These make up a prison enterprise system37, centralized and unified management, monitored, financed and under the CCP judicial system.

According to an official document dated October 20, 2020, from the US Department of Homeland Security38, the US government was notified of the discovery that certain extracts and derivatives of stevia (stevia rebaudiana), produced in the People's Republic of China using convict, forced labor39 or slave, were being imported40 to the USA.

The document proves the use of convicted or forced labor by the company “Inner Mongolia Hengzheng Group Baoanzhao Agriculture, Industry, and Trade Co., Ltd”, also confirming that “through its investigation, CBP has determined that there is sufficient evidence to support the conclusion that Baoanzhao is a prison/forced labor facility”.

According to Annex 2.12 – “Inner Mongolia Autonomous Region”41 According to the WOIPFG report on state-owned prisons that are forced labor facilities in Inner Mongolia, the company “Inner Mongolia Hengzheng Group Baoanzhao Agriculture, Industry, and Trade Co., Ltd” is listed in the document as the company owned by Baoanzhao Prison, located in Jalaid Banner (Hinggan League, Inner Mongolia) administered by the Justice Department of the Prison Administration of the Inner Mongolia Autonomous Region, which in turn is controlled by the CCP.

According to the data in the appendix, the said company is part of the state-owned industrial group “Inner Mongolia Hengzheng Industrial Group Co., Ltd.”, an affiliate of the Prison Administration Department of the Inner Mongolia Autonomous Region, the functional organization of the Inner Mongolia government responsible for the province's prisons, and the group owns 22 prison enterprise units.

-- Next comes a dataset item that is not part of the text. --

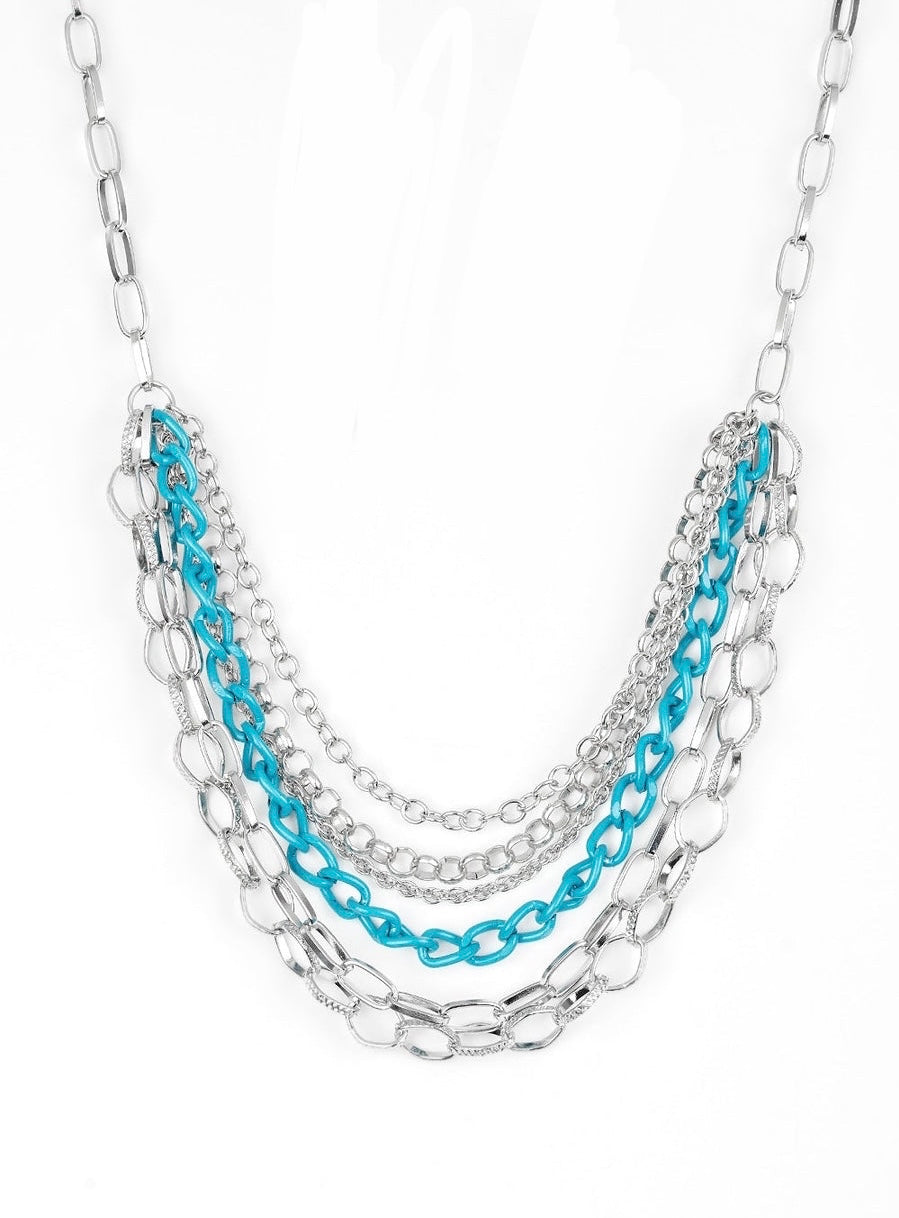 Blue and Silver Multi-Chain Necklace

Documentation on the Laogai42 existing by Chinese province until 1992, collected in the book “Laogai, the Chinese Gulag”, confirms that the Baoanzhao prison was already part of the CCP's reform through (forced) labor system in 1992.43

Annex 2.12 of the WOIPFG report also indicates that Baotou Prison, a key prison in Baotou Municipality – the “rare earth capital”44 – owns the company “Inner Mongolia Hengzheng Group Baotou Industry and Trade Co.,Ltd.”, responsible for the production of electronic components – where rare earths are crucial elements – and metal processing (among other products).

Appendix VI of the report “Continuation of Repression in Inner Mongolia”, entitled “Labor Camps, Prisons and Other Detention Facilities in Inner Mongolia” up to 1992, confirms the existence of one such prison facility using forced labor, in the Bayan Obo Mining District (name: Bayun E'bo Kuang Qu; located under the administration of Baotou Municipality), dedicated to rare earth mining, confirming the use of forced labor in this industry.

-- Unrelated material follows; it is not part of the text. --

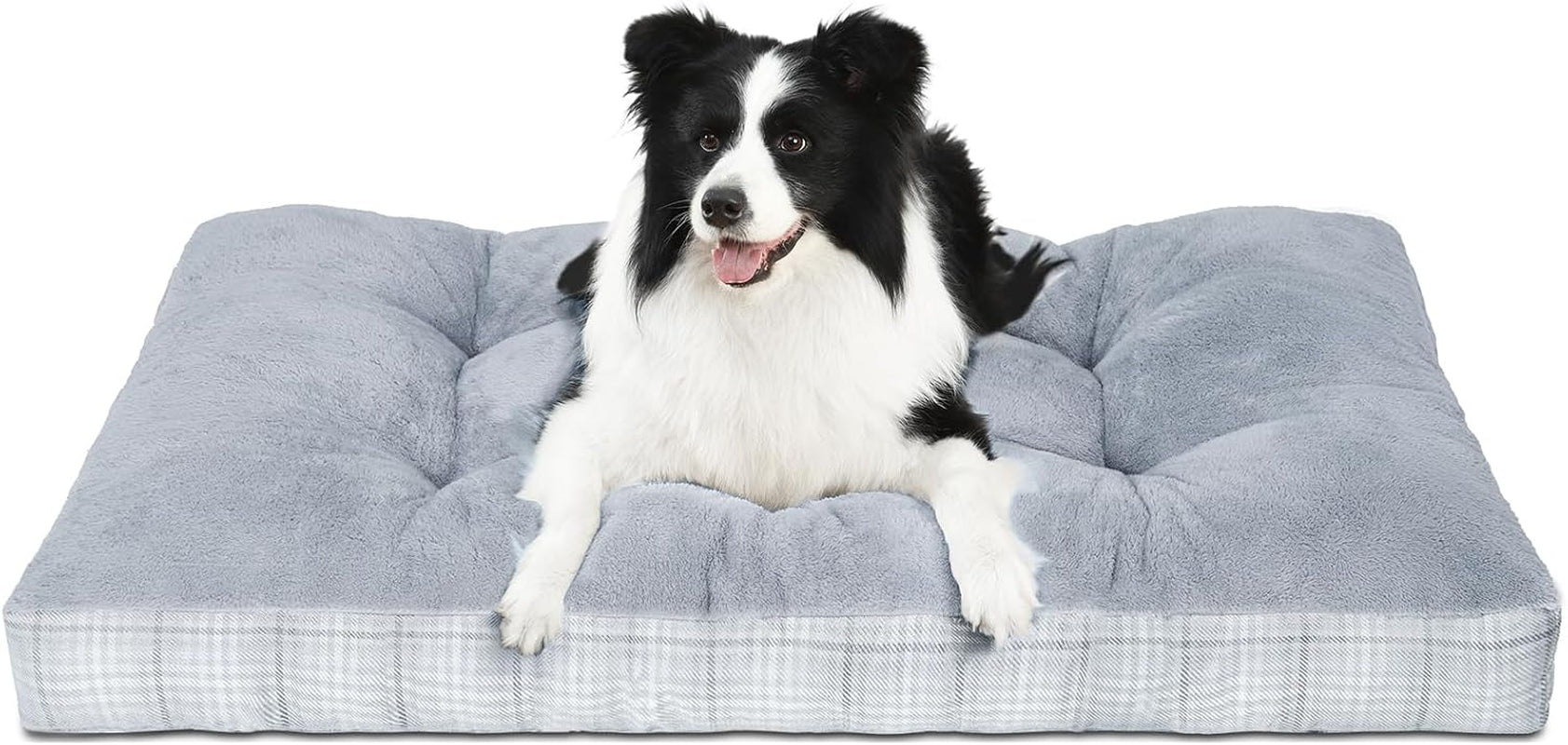 Washable L Dog Bed for Large Dogs with Anti-Slip Bottom, Premium Foam Pet Pad for Crate for Large Medium Small Sized Puppies(Grey)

In the Bayan Obo Mining District, there is the largest mine and industrial complex for the extraction of rare earths in the world (the Baogang Steel Factory), owned by the “Baotou Iron and Steel” group.45

Appendix VI also indicates the existence of the “Baotou Municipal Center for Re-education through Labor”46, which provides workers for the “Baotou Iron and Steel Group”, a state-owned company responsible for the production of rare earths in Bayan Obo.

According to Radio Free Asia, in February 2019, reports from Chinese officials were made public confirming the transfer of prisoners from the Uighur ethnic minority from “re-education camps” in Xinjiang, secretly and off-the-record, to other locations and detention centers, such as the Wutaqi and Salaqi prisons (both included in appendix 2.12 of the WOIPFG report) in Inner Mongolia and Sischuan provinces (provinces where rare earths are extracted), in order to conceal from the public and international justice the scale of the Xinjiang genocide – a relocation process that is said to have begun in October 2018, says RFA’s Uighur Service.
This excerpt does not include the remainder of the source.